As a test of that proposition, I recently improved a shining hour or four by translating section 5 of the XPath 1.0 spec into Alloy, the modeling tool developed by Daniel Jackson and others in the MIT Software Design Group. (I would describe Alloy briefly here, but I’ve written about Alloy often enough in this blog that I won’t describe it again now; regular readers of this blog will already know about it, and those who don’t can search the Web for information, or search this blog for what I’ve said about it before.)

The full Alloy model of XPath 1.0 is available from the Black Mesa Technologies web site. It will be of most interest, of course, for those familiar with Alloy, or wanting to learn more about it. But Alloy’s formalism is simple enough that anyone with a taste for formal methods will find it easy going, and the document paraphrases all the important things in English prose.
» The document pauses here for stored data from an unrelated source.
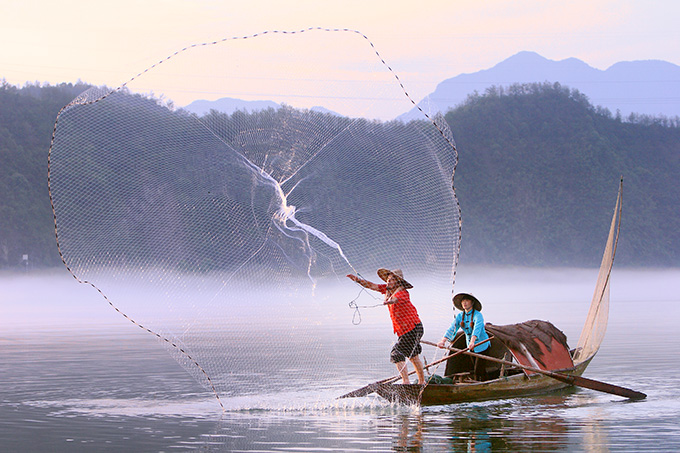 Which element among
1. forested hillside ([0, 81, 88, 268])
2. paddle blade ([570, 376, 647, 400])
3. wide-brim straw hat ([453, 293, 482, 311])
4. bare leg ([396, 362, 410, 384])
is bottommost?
paddle blade ([570, 376, 647, 400])

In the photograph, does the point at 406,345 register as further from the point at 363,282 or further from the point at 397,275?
the point at 363,282

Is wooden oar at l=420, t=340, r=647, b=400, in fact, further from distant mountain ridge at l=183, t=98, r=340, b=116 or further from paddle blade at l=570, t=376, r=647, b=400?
distant mountain ridge at l=183, t=98, r=340, b=116

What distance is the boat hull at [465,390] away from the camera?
496 inches

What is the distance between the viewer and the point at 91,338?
988 inches

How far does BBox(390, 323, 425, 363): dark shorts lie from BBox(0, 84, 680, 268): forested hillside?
63.7m

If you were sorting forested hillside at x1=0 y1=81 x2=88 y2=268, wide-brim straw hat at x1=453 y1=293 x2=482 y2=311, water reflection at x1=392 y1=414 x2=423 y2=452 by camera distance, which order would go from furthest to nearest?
forested hillside at x1=0 y1=81 x2=88 y2=268
wide-brim straw hat at x1=453 y1=293 x2=482 y2=311
water reflection at x1=392 y1=414 x2=423 y2=452

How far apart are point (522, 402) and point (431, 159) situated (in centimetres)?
340

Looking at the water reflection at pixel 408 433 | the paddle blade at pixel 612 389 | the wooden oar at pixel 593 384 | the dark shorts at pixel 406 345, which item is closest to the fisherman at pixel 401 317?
the dark shorts at pixel 406 345

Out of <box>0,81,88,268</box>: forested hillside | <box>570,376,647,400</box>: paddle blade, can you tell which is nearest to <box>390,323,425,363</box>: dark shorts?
<box>570,376,647,400</box>: paddle blade

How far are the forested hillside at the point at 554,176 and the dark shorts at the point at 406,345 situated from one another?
63.7m

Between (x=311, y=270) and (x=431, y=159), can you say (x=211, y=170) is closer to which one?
(x=311, y=270)

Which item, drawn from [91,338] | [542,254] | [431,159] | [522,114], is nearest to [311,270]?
[431,159]

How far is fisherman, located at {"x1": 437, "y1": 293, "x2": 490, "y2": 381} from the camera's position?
13.7m

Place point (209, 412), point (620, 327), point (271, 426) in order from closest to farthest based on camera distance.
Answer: point (271, 426) → point (209, 412) → point (620, 327)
The net result, I think, is that there are (unsurprisingly) some places where the definition of the XPath 1.0 data model could or should be more explicit, and a few places where it seems a rule or two given explicitly is strictly speaking redundant, but by and large the definition is pretty clean and seems to mean what its creators meant it to mean. By and large, the definition of the data model is formulated without reliance on the XML spec (there are a few places where this separation could be cleaner), so that the informality of the XML spec (or what I prefer to think of as its programmatic promiscuity regarding models) does not in fact make it hard to formalize the XPath 1.0 data model.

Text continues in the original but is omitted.